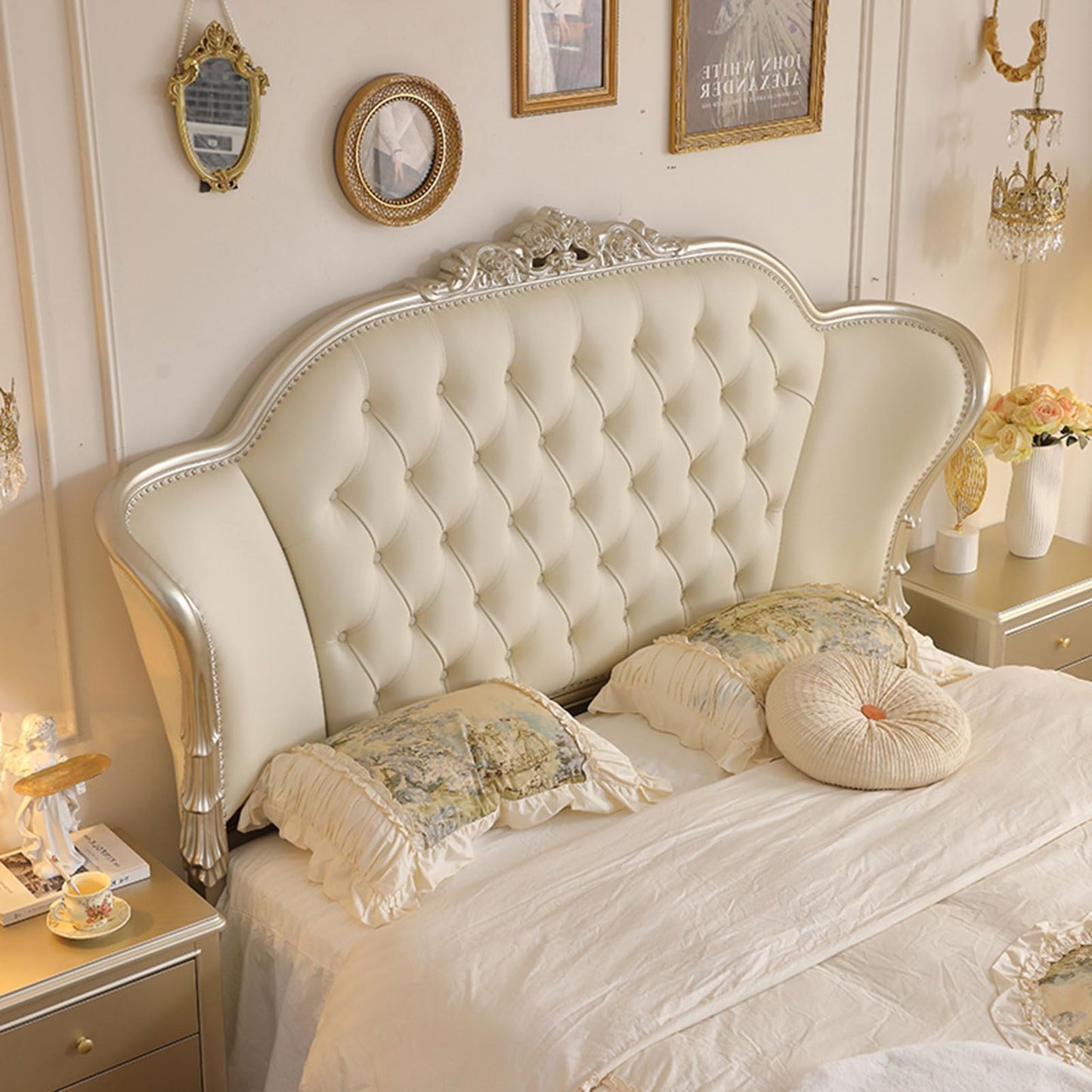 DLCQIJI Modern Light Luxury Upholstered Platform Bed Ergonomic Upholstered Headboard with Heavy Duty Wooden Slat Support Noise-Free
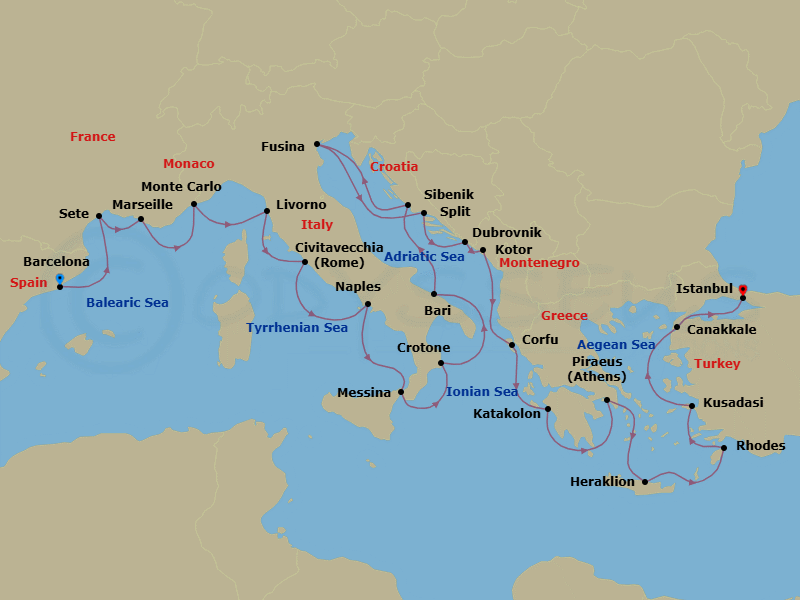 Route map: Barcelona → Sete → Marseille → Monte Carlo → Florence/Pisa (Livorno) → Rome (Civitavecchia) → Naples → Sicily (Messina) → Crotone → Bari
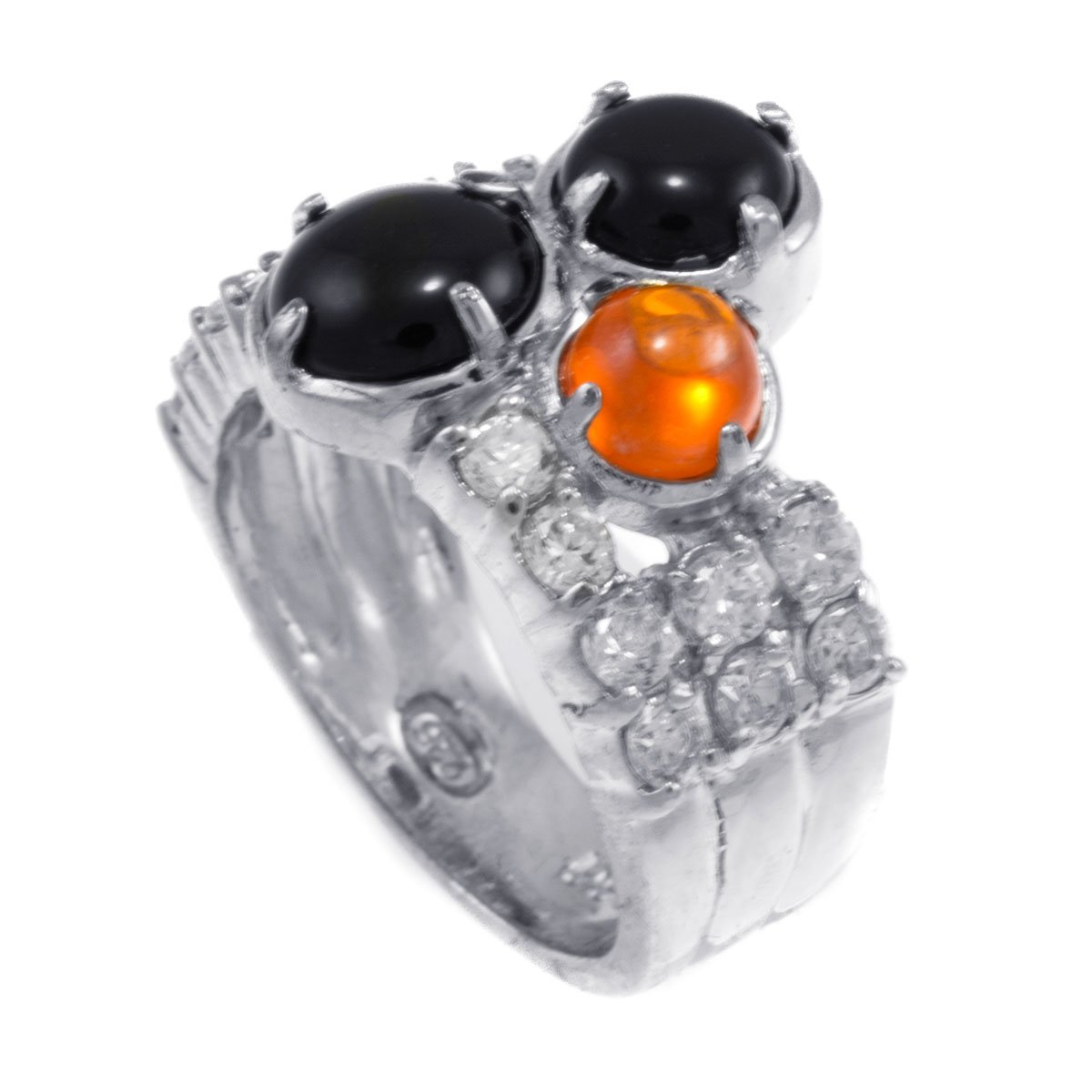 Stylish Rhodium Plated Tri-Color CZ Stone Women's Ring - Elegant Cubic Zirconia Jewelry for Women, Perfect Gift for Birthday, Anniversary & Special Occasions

--

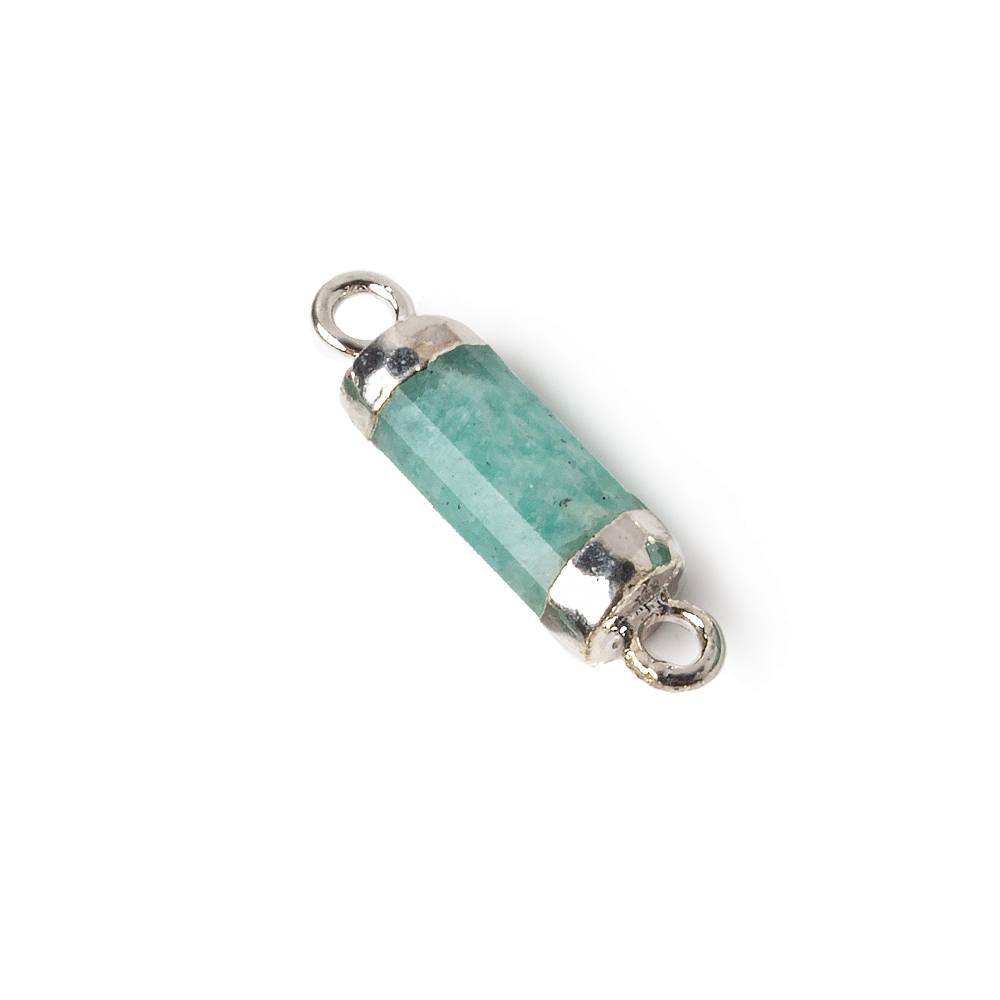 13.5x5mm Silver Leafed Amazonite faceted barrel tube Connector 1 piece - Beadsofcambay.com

...

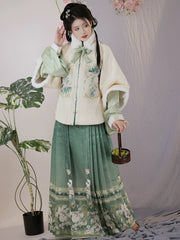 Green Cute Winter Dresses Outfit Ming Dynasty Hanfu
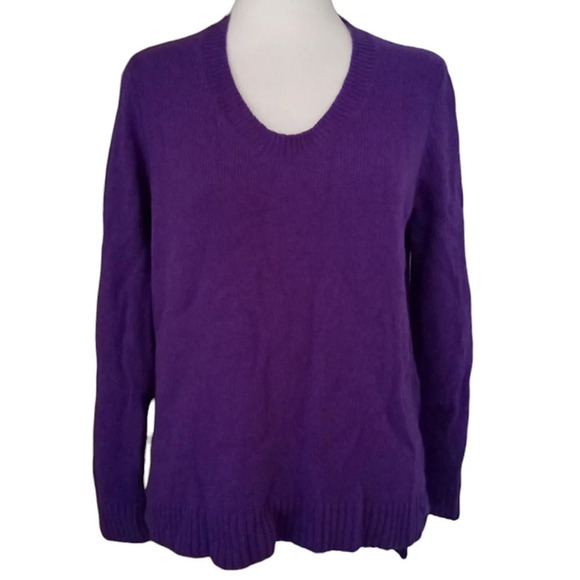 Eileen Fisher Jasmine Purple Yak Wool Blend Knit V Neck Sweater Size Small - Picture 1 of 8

■ Exercise aim ■
Here the job is to copy the stretch of records from the line containing "Green Cute Winter" through the line containing "Eileen Fisher Jasmine", word for word. Leave every picture out.

■ Answer area ■
 Green Cute Winter Dresses Outfit Ming Dynasty Hanfu
 Eileen Fisher Jasmine Purple Yak Wool Blend Knit V Neck Sweater Size Small - Picture 1 of 8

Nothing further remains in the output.